*PROMPT*. Reproduce exactly the lines from the one that holds "9월 아파트 입주전망 하락…대출총량·세제개편 등 영향" through the last line of the entries, both ends included, but not the pictures.

*SUPPLIED RECORDS*.

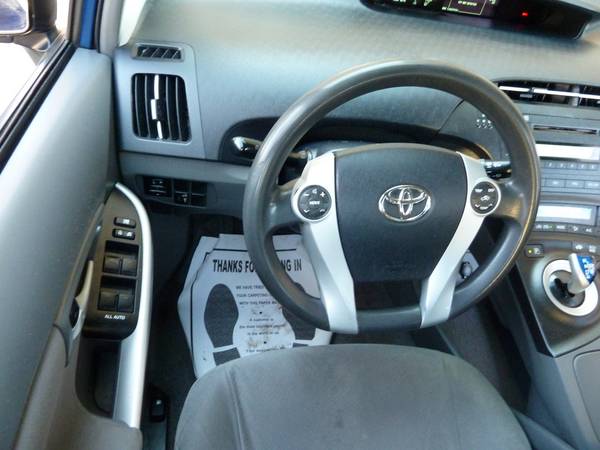 2010 Toyota Prius Three 4dr Hatchback - - by dealer for sale in Huntingdon Valley, PA – photo 15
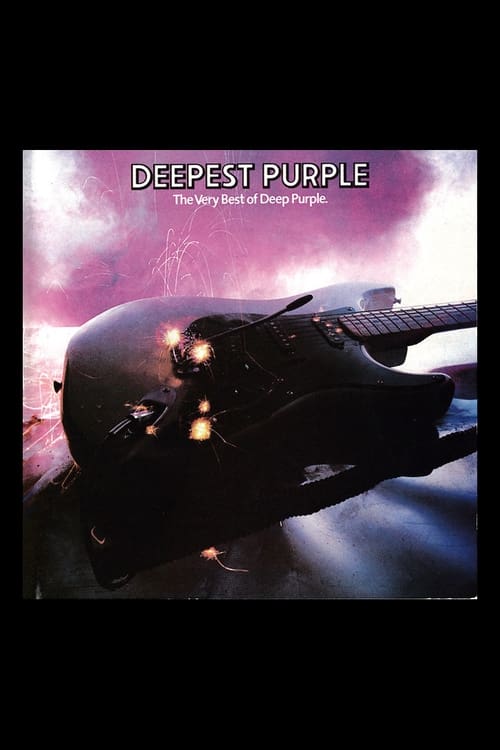 Deep Purple - Deepest Purple Poster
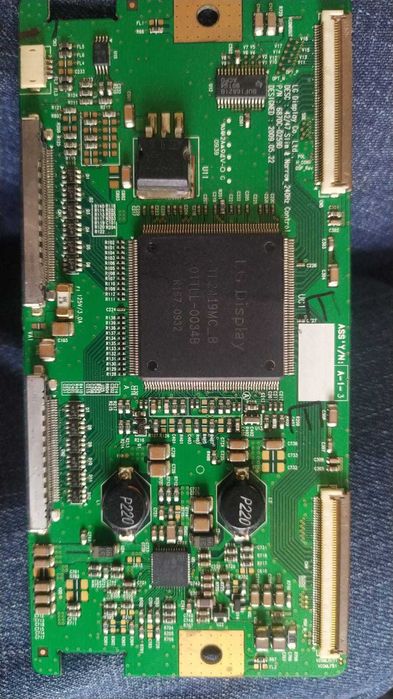 Elektronika do TV LG 47SL8000 zasilacz,  t-con , main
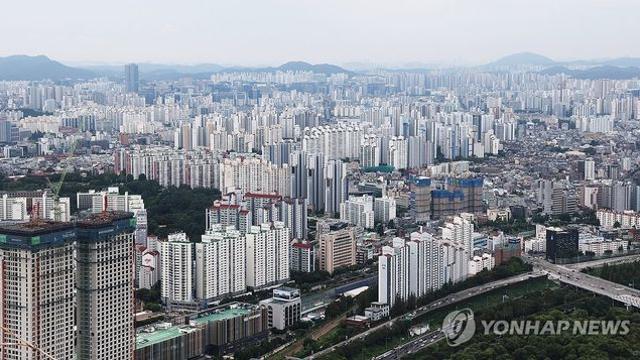 9월 아파트 입주전망 하락…대출총량·세제개편 등 영향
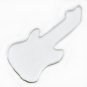 ELECTRIC GUITAR MUSIC ROCK N ROLL FONDANT BAKING TOOL COOKIE CUTTER USA PR430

*SOLUTION FOR THIS PROBLEM*.
 9월 아파트 입주전망 하락…대출총량·세제개편 등 영향
 ELECTRIC GUITAR MUSIC ROCK N ROLL FONDANT BAKING TOOL COOKIE CUTTER USA PR430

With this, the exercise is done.